> **INPUT RECORDS**

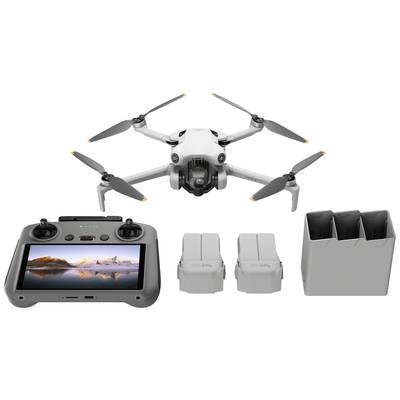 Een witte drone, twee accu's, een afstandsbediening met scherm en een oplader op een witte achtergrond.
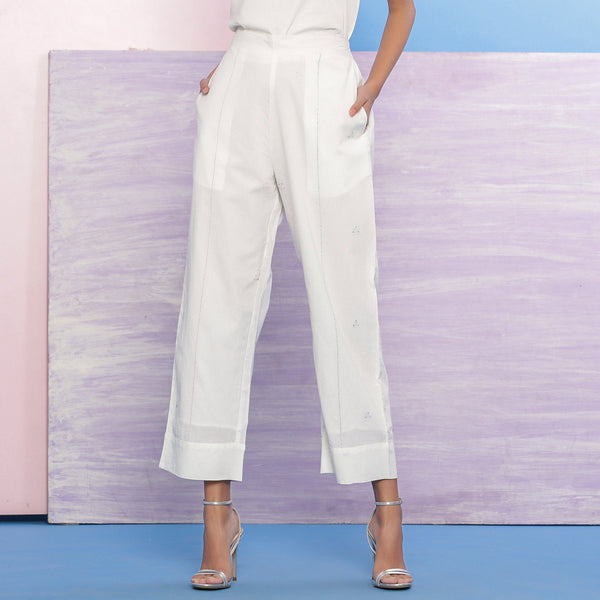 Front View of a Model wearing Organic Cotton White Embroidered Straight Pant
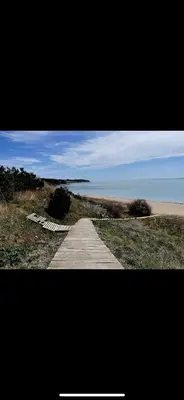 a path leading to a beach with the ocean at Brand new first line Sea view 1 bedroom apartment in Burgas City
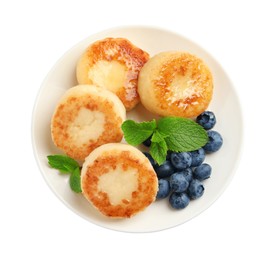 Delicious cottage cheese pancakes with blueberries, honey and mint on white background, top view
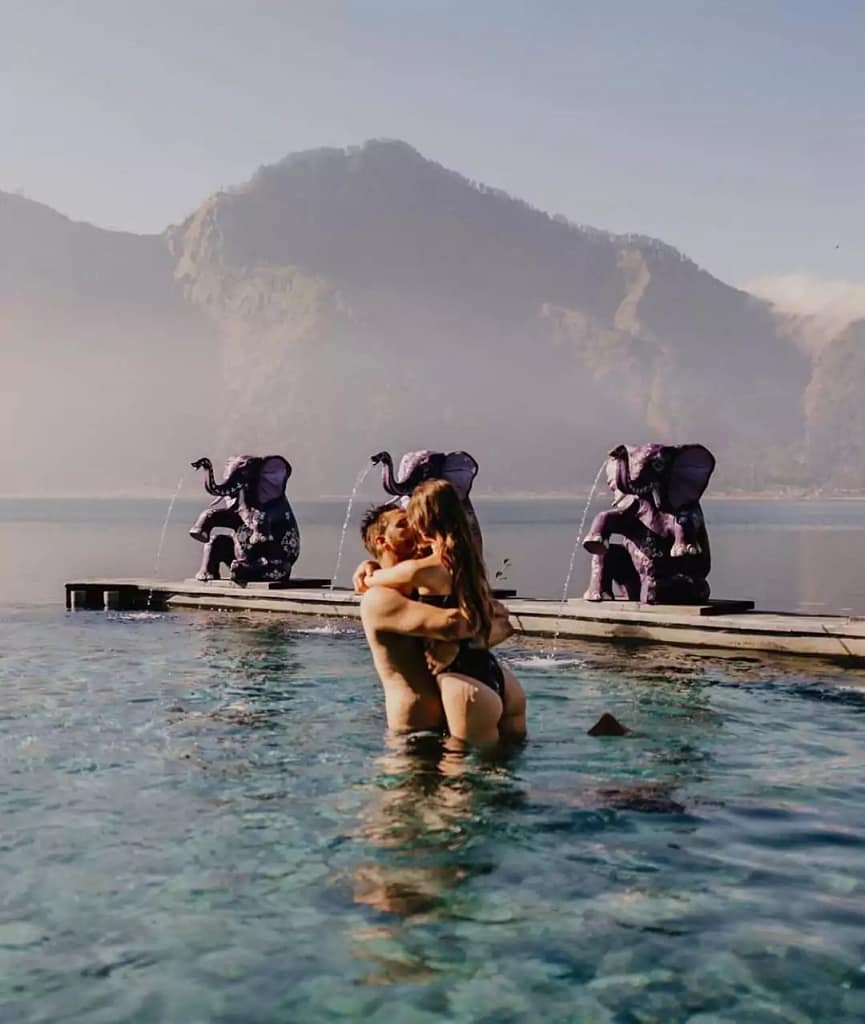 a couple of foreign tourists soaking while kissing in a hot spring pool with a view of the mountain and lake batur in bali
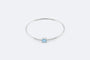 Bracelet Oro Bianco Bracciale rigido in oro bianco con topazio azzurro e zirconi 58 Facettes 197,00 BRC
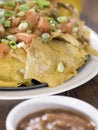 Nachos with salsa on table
...
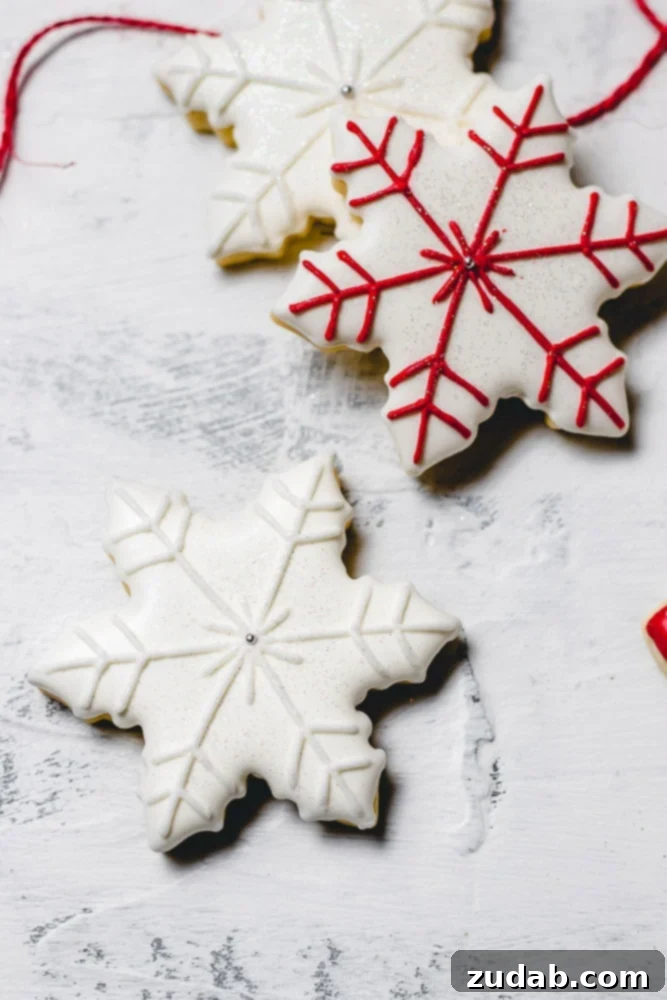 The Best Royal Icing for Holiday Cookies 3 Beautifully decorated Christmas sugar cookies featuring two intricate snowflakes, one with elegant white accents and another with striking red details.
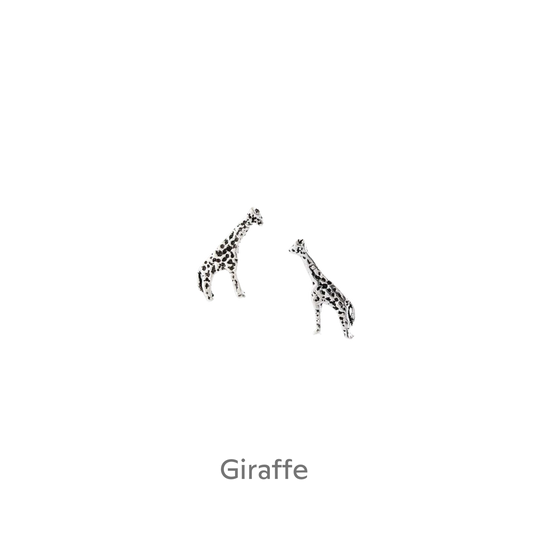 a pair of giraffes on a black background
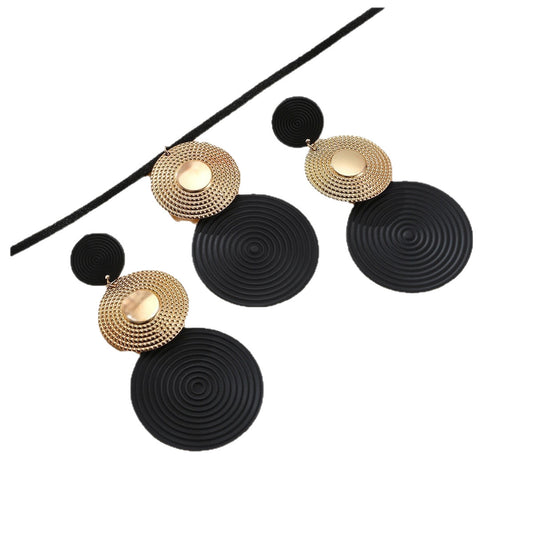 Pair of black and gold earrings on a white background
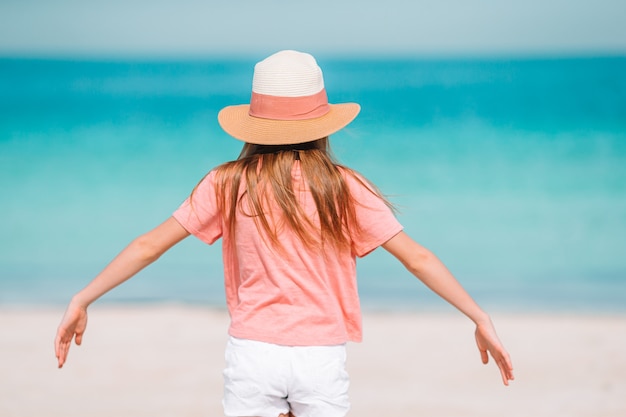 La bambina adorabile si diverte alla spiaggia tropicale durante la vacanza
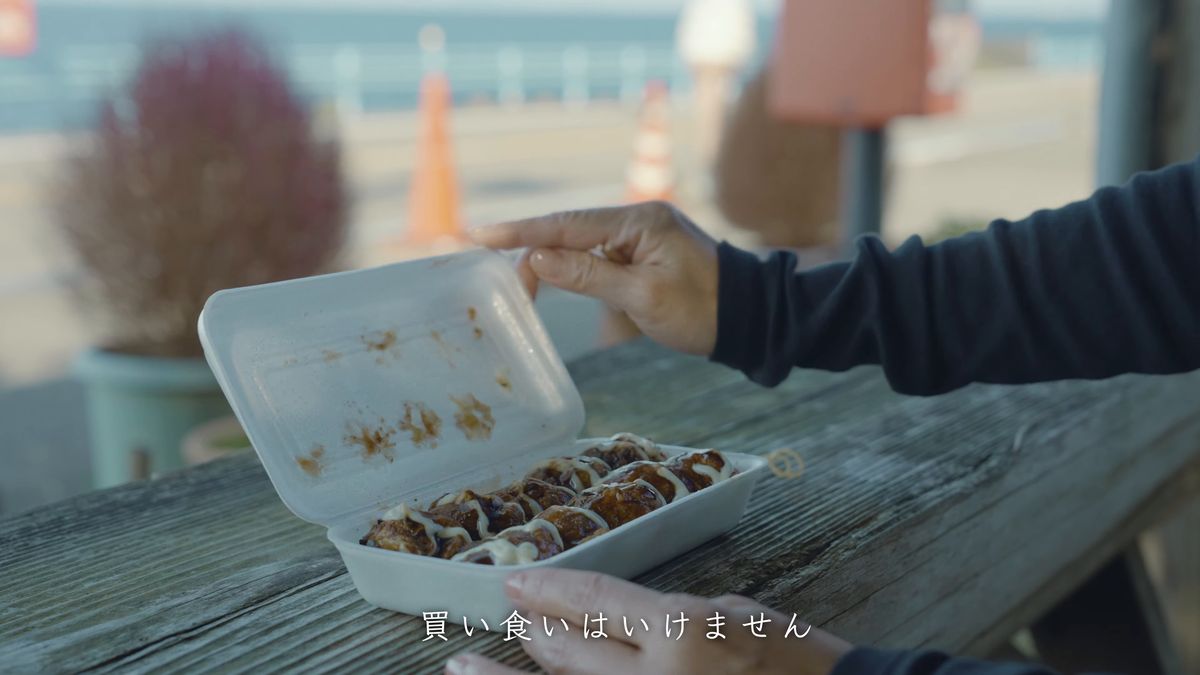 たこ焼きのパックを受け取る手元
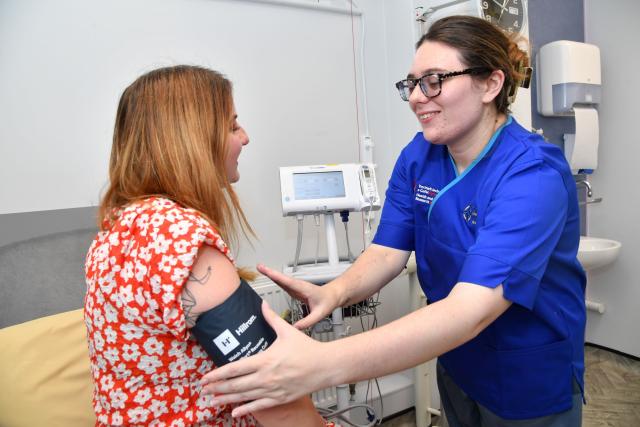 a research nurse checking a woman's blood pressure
--
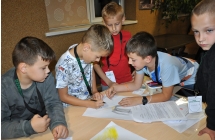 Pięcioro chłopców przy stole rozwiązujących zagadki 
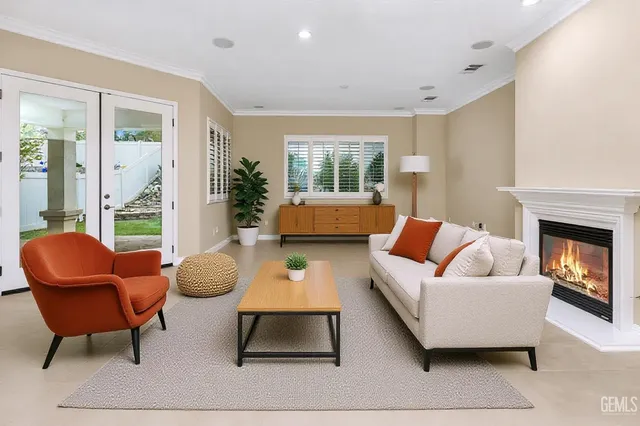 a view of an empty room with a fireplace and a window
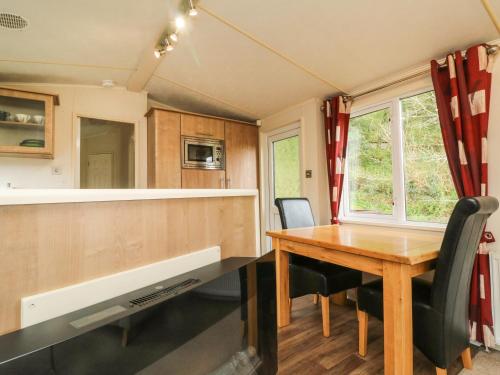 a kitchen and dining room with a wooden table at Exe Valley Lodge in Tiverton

> **DIRECTIONS FOR THIS TASK**
Leaving out all pictures, set down exactly the lines of the material above, from the line with "Een witte drone, twee" to the line with "Nachos with salsa on table" inclusive, and no others.

> **WRITTEN SOLUTION**
 Een witte drone, twee accu's, een afstandsbediening met scherm en een oplader op een witte achtergrond.
 Front View of a Model wearing Organic Cotton White Embroidered Straight Pant
 a path leading to a beach with the ocean at Brand new first line Sea view 1 bedroom apartment in Burgas City
 Delicious cottage cheese pancakes with blueberries, honey and mint on white background, top view
 a couple of foreign tourists soaking while kissing in a hot spring pool with a view of the mountain and lake batur in bali
 Bracelet Oro Bianco Bracciale rigido in oro bianco con topazio azzurro e zirconi 58 Facettes 197,00 BRC
 Nachos with salsa on table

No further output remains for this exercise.